A perspectiva de Joe Biden na presidência dos Estados Unidos gera expectativas de mudanças nas relações comerciais com a União Europeia. Os últimos quatro anos foram marcados pelo tensionamento na tradicional parceria transatlântica. Apesar de os desafios domésticos despontarem como prioridade na plataforma de Biden, autoridades europeias demonstraram otimismo com a agenda internacional do democrata.

Segundo Rupert Schlegelmilch, diretor de comércio internacional para as Américas do Diretório-Geral para o Comércio da Comissão Europeia, há quatro principais aspectos positivos para a agenda transatlântica sob a liderança de Biden: política ambiental, reforma do sistema multilateral de comércio, arrefecimento das disputas comerciais, e governança digital e tecnológica.

Política ambiental: No que diz respeito ao meio ambiente, a plataforma de Biden é uma das mais ambiciosas já apresentadas por um candidato presidencial nos Estados Unidos. Além de prometer o retorno dos Estados Unidos ao Acordo de Paris, o democrata visa introduzir uma meta de zero emissões líquidas até 2050, e inclui um pacote de US$ 2 trilhões para estimular a mudança.

Trata-se, portanto, de uma agenda comum à da União Europeia, que, sob a liderança da Presidente da Comissão, Ursula Von der Leyen, vem implementando o Green Deal europeu. A convergência nessa área deve abrir oportunidades de cooperação. 

Sistema multilateral de comércio: A postura dos Estados Unidos na Organização Mundial do Comércio (OMC) também deve sofrer mudanças sob uma nova liderança no país. O governo norte-americano adotou a estratégia de bloqueio, vetando a nomeação de juízes do Órgão de Apelação da organização, o que acabou por paralisar seu funcionamento. Embora Biden também expresse críticas à OMC, ele já sinalizou que retornará aos debates em foros coletivos.

Nesse sentido, os Estados Unidos devem retomar a posição de parceiro natural da União Europeia. As duas partes devem aliar-se nos esforços de uma reforma da OMC, compartilhando descontentamento com a lentidão do processo de tomada de decisão na organização e com a demasiada judicialização. Além disso, tanto Estados Unidos como UE apresentam preocupações com barreiras não-tarifárias e programas de subsídios chineses.

Disputas comerciais: No campo das relações bilaterais, apesar de as trocas entre Estados Unidos e UE representarem o maior fluxo de comércio do globo, nos últimos anos emergiram atritos entre os parceiros.

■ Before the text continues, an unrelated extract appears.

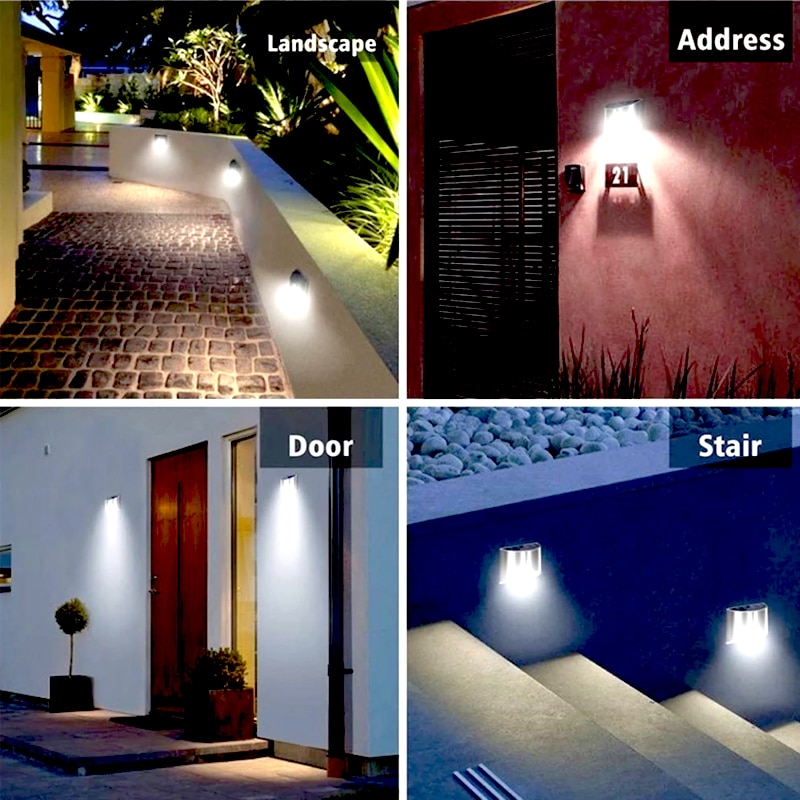 2Pcs Outdoor Solar Light Solar Led Light Outdoor Stair Light Simple Panel Landscape Wall Light Waterproof Fence Wall Stairs LED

Ainda em 2018, os Estados Unidos impuseram tarifas sobre o aço e o alumínio provenientes da UE. O bloco reagiu com tarifas sobre importações agrícolas e alimentares.

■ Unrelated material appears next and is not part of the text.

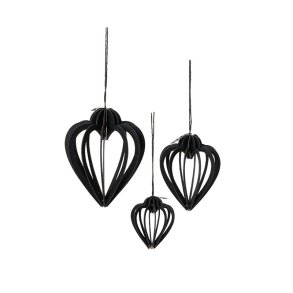 L�bech Living Heart Shaped Silhouettes s�t af 3 Black - Fransenhome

A situação agravou-se com a conclusão de longas disputas na OMC entre as partes relativas a subsídios governamentais a empresas de aviação. Tanto Estados Unidos como a UE receberam autorização da organização para aplicação de tarifas retaliatórias bilionárias. Desde agosto de 2020, contudo, as duas partes vêm sinalizando maior abertura para negociação. Um acordo relacionado a isenção de tarifas sobre lagostas na UE foi bem sucedido e simboliza uma reaproximação. 

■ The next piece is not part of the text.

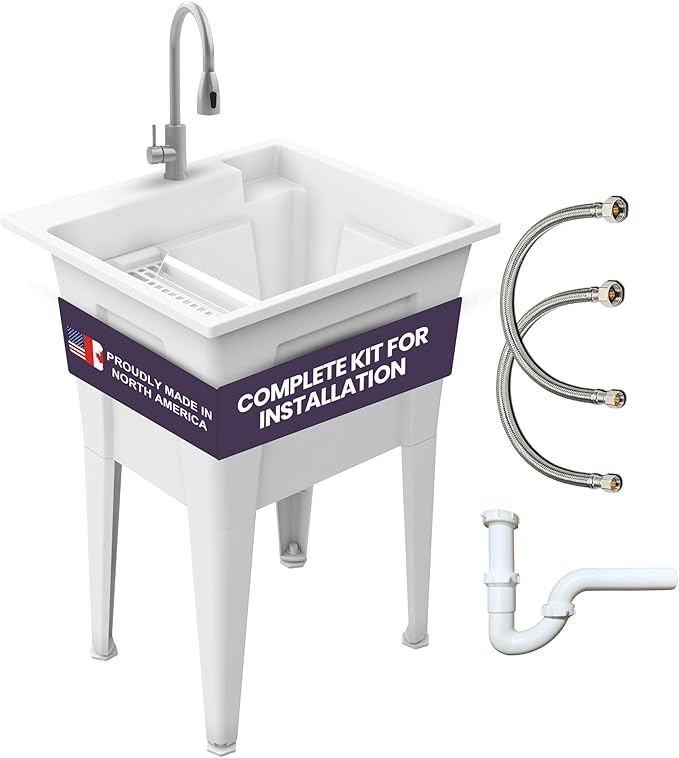 Freestanding Utility Sink with Stainless Steel Gooseneck Faucet - 24" Plastic Utility Sink for Garage, Laundry, Indoor and Oudoor Use - Laundry Tub Kit by Noah William Home - White (19.5 gal)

Apesar do cenário de reconciliação, a plataforma de Biden, ao enfatizar a importância da produção doméstica nos Estados Unidos, “Made in USA”, não sinaliza concessões comerciais aos parceiros europeus. Mesmo assim, autoridades da UE têm demonstrado otimismo em relação ao futuro da aliança transatlântica, e esperam uma agenda comercial positiva, especialmente na área de tecnologias emergentes.

Governança digital e tecnológica: a questão da regulação e tributação de grandes empresas de tecnologia tem sido outro fator de tensão entre Europa e Estados Unidos. Diversos países têm ameaçado tributar as operações das “big techs” (empresas dos Estados Unidos como Facebook, Google, Amazon, Apple e Microsoft). A expectativa era que o assunto fosse decido plurilateralmente, na Organização para a Cooperação e Desenvolvimento Econômico (OCDE). Na ausência de uma decisão conjunta, o “imposto digital” deve ser adotado pela UE nos próximos anos. A França, contudo, pretende implementá-lo ainda em 2020.

Enquanto o governo Trump iniciou uma investigação sobre esse imposto no âmbito do artigo 301 do código comercial dos Estados Unidos (que permite retaliações tarifárias e não-tarifárias), os europeus acenam para Biden em busca de uma governança sobre o assunto, a fim de que se estabeleça uma abordagem sistêmica que gere segurança digital e tecnológica. Segundo o ministro das Finanças francês, Biden pode contribuir para acalmar as tensões crescentes sobre o imposto.